#### [Work instruction]
Give again, word for word, the line holding "Main image of" and every line after it through the end of the data below. Omit pictures.

#### [Scraped caption text data]

↓↓↓

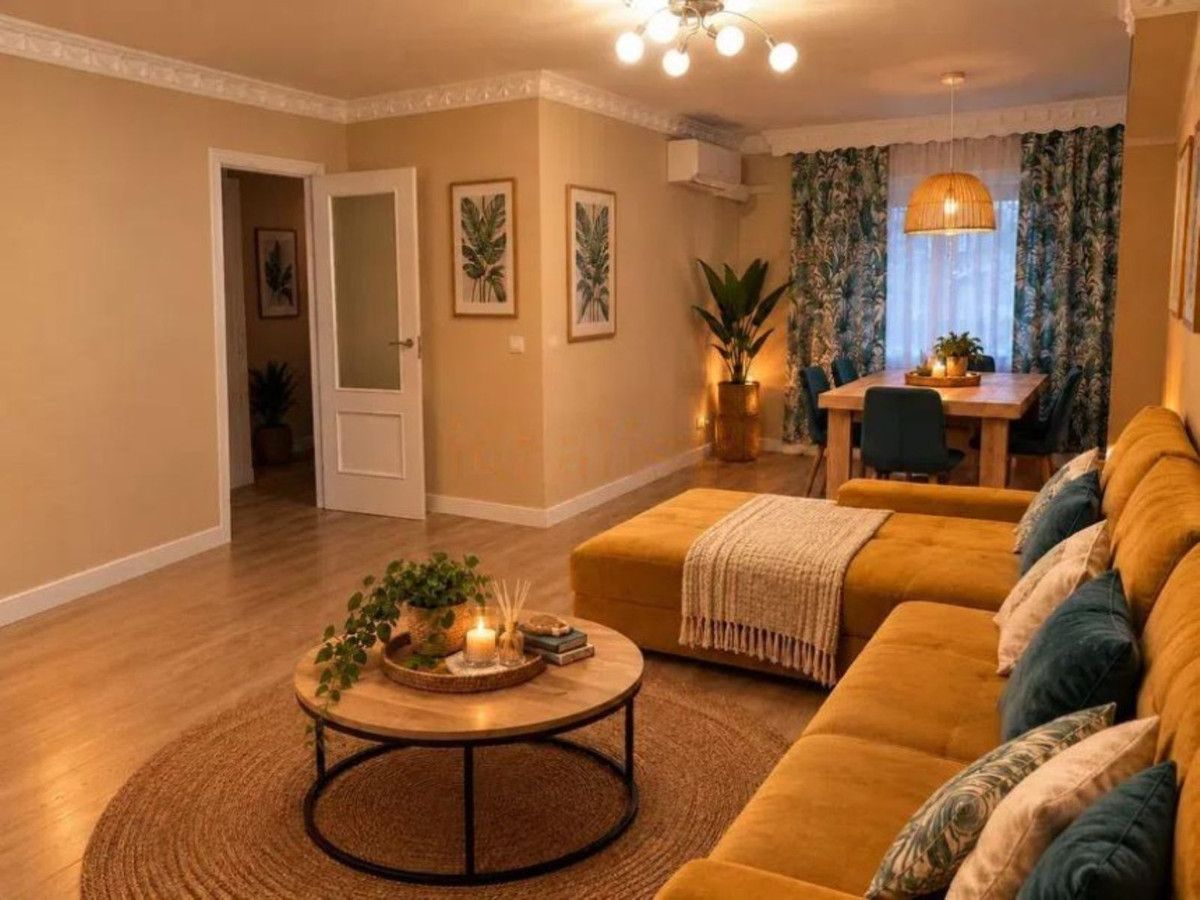 Apartament na środkowym piętrze w Estepona, Estepona, 1/12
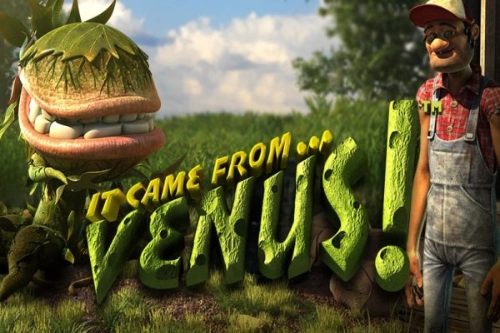 It Came From Venus at Here2Win Casino
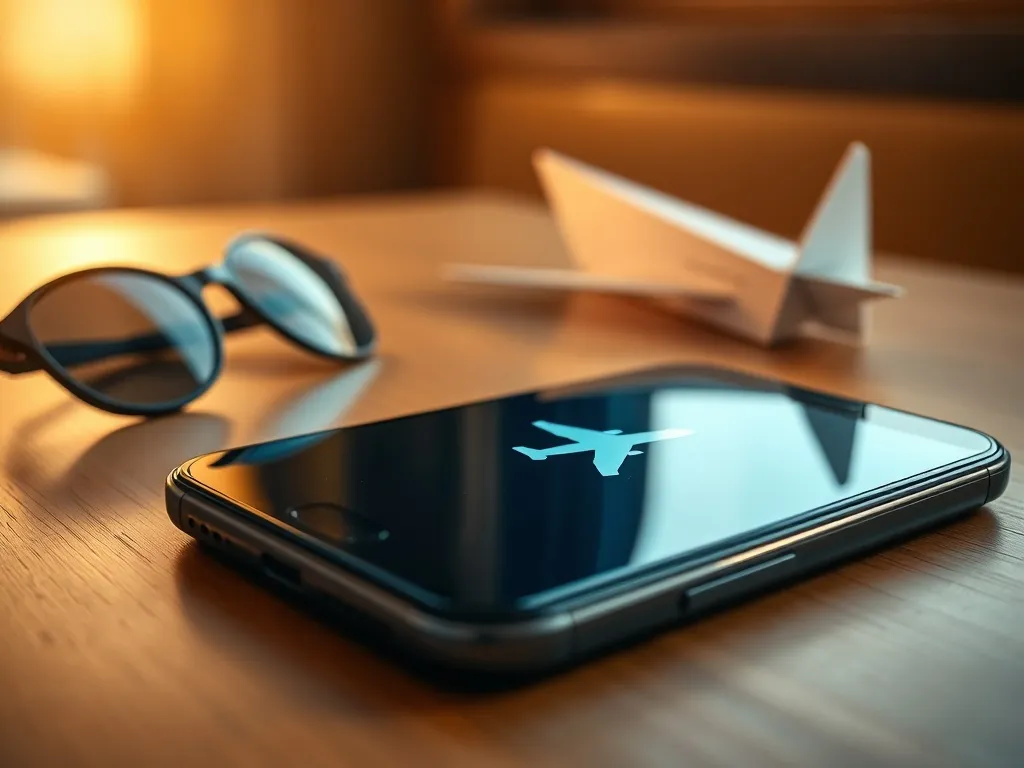 Jak włączyć tryb samolotowy w telefonie?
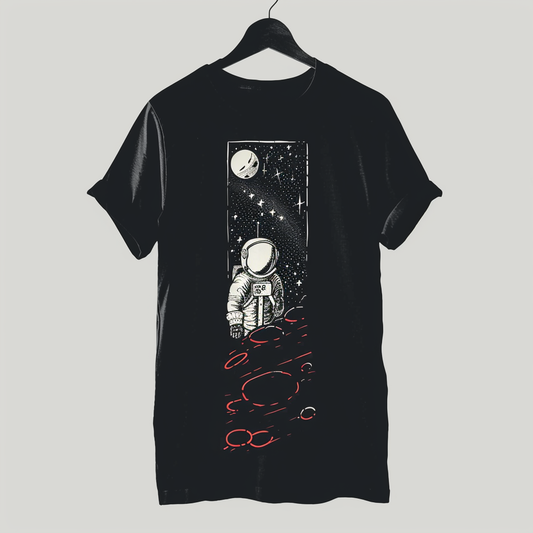 Playera "El Primer Paso" | Misión Apolo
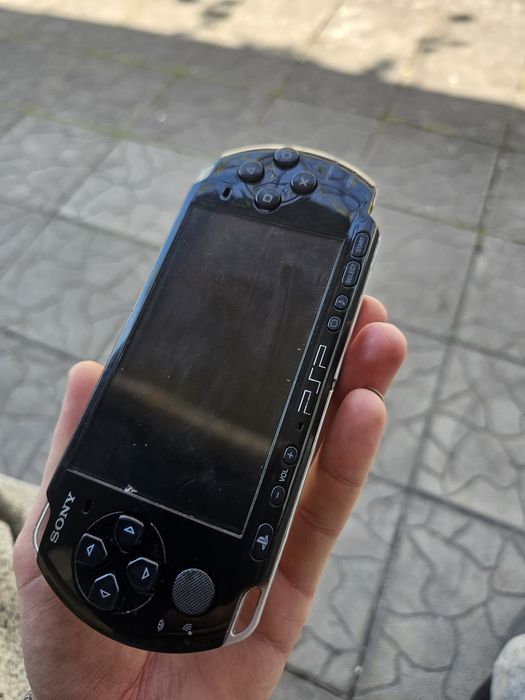 psp 3001 з новим акб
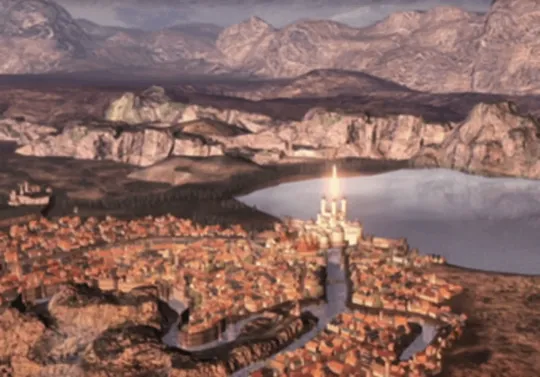 Thumbnail of the video for Ending Cinematic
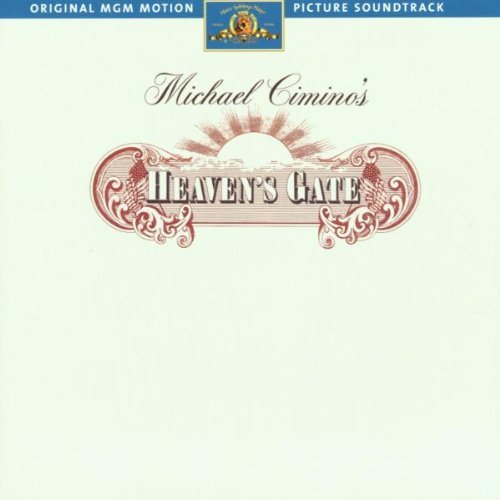 Heaven's Gate Score Music By David Mansfield 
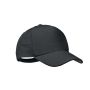 Gorra de béisbol de cáñamo 370 g/m²
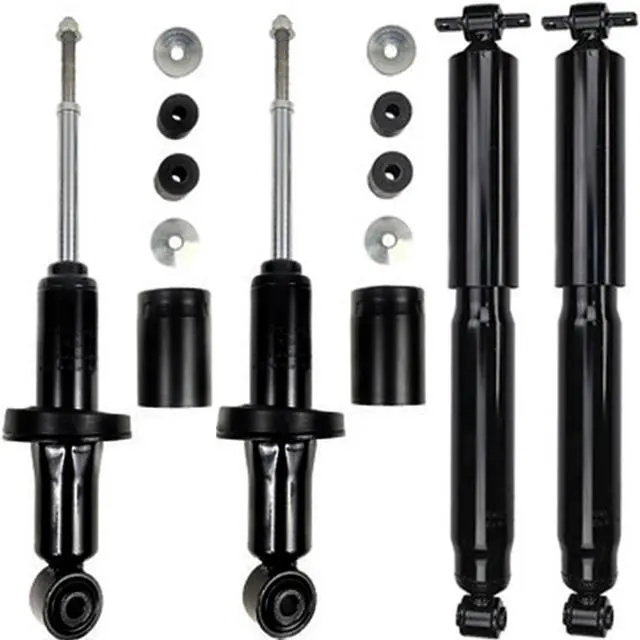 Main image of Front Struts & Rear Shocks for 2006 - 2012 Chevy Colorado CMC Canyon RWD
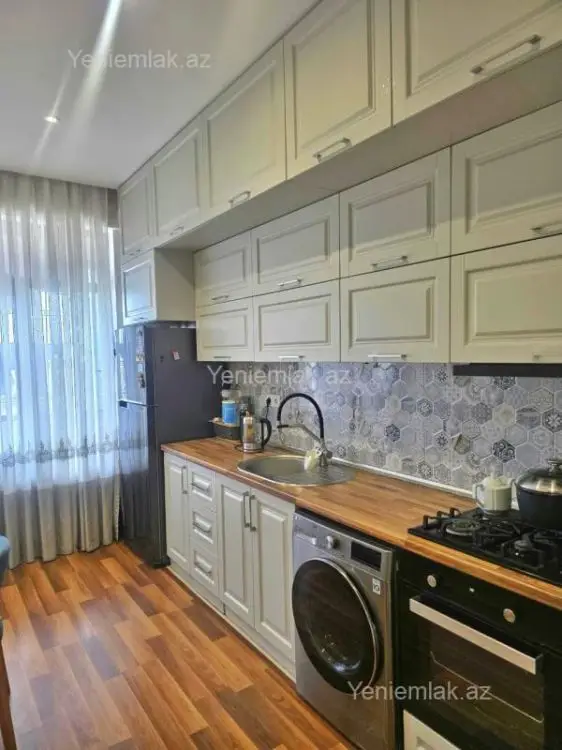 230 000 AZN - 3 otaqlı mənzil Satılır, Nizami, Bakı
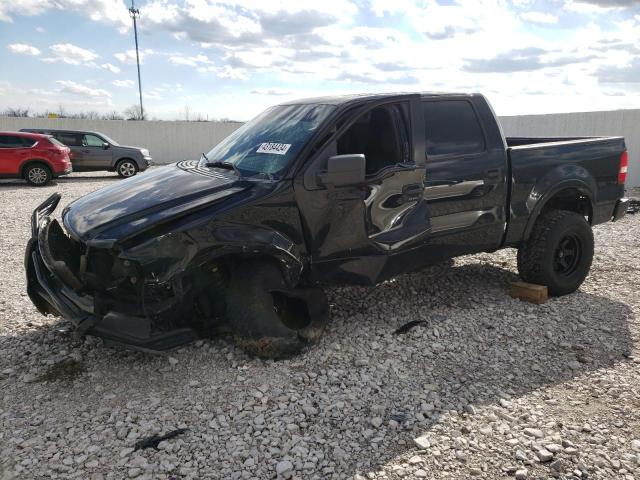 Изображение 1 2005 FORD F150 SUPERCREW 2005 с VIN 1FTPW14565FA88565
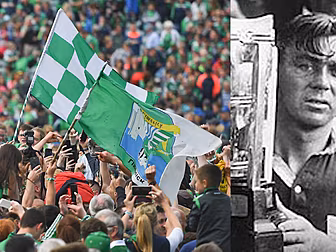 'He's our Ring, our Rackard, o...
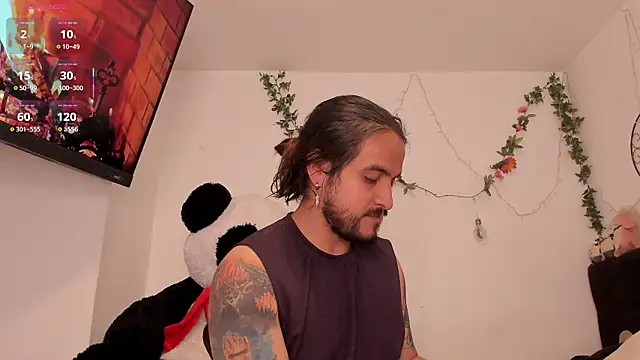 Carlasxdreams online show from 02-04-26, 03:23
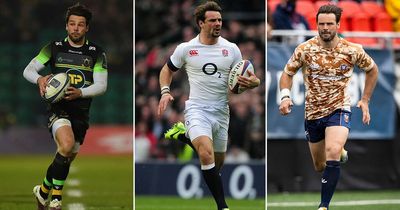 Ex-England and Northampton star Ben Foden retires from rugby: "Thank you for everything"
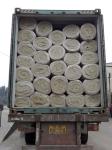 3000 - 7000mm Length stonewool Blanket Insulation , Fireproof Insulation Blanket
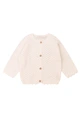 Bakkaboe Newborn baby meisjes vest lange mouw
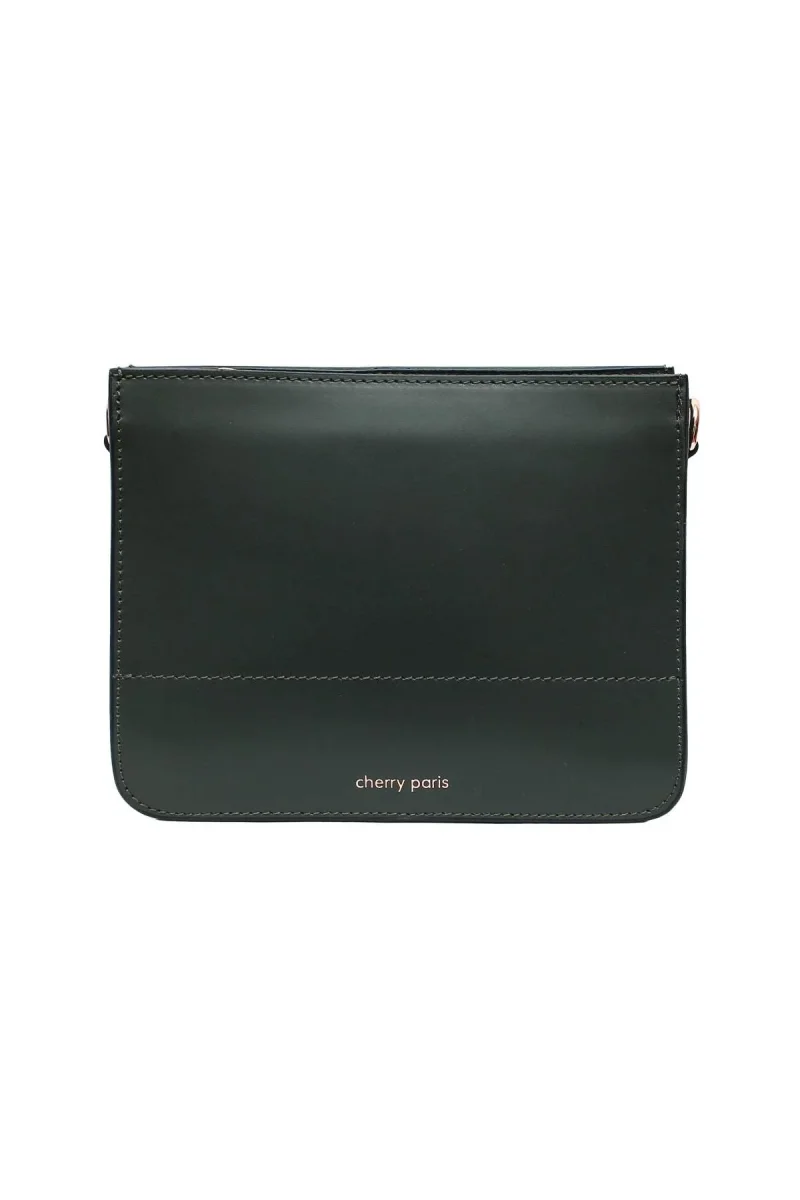 Sac bandoulière TIFFANY - Vert – Image 4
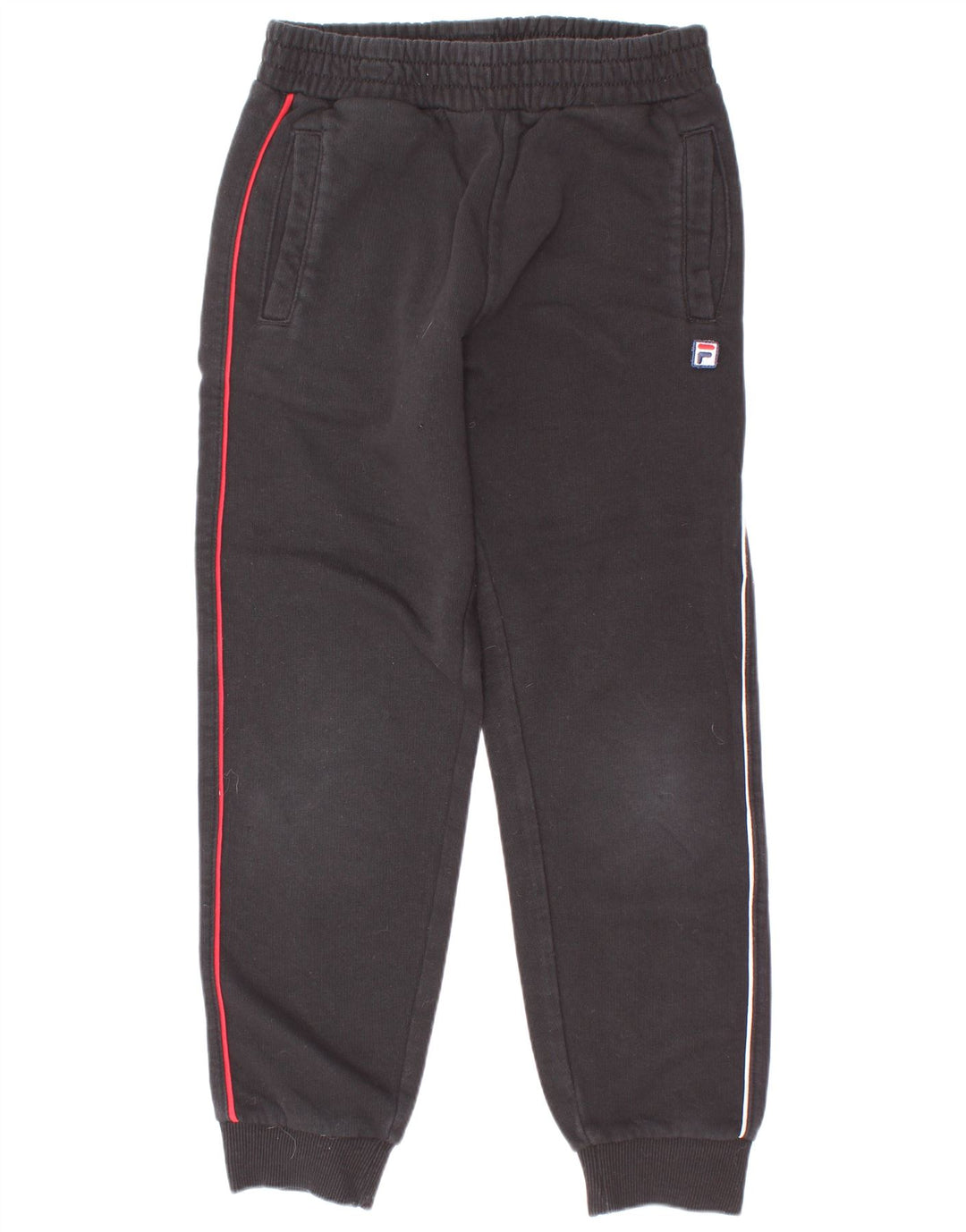 Calças de treino Fila Boys Joggers 7-8 anos preto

↑↑↑

#### [Final answer]
 Main image of Front Struts & Rear Shocks for 2006 - 2012 Chevy Colorado CMC Canyon RWD
 230 000 AZN - 3 otaqlı mənzil Satılır, Nizami, Bakı
 Изображение 1 2005 FORD F150 SUPERCREW 2005 с VIN 1FTPW14565FA88565
 'He's our Ring, our Rackard, o...
 Carlasxdreams online show from 02-04-26, 03:23
 Ex-England and Northampton star Ben Foden retires from rugby: "Thank you for everything"
 3000 - 7000mm Length stonewool Blanket Insulation , Fireproof Insulation Blanket
 Bakkaboe Newborn baby meisjes vest lange mouw
 Sac bandoulière TIFFANY - Vert – Image 4
 Calças de treino Fila Boys Joggers 7-8 anos preto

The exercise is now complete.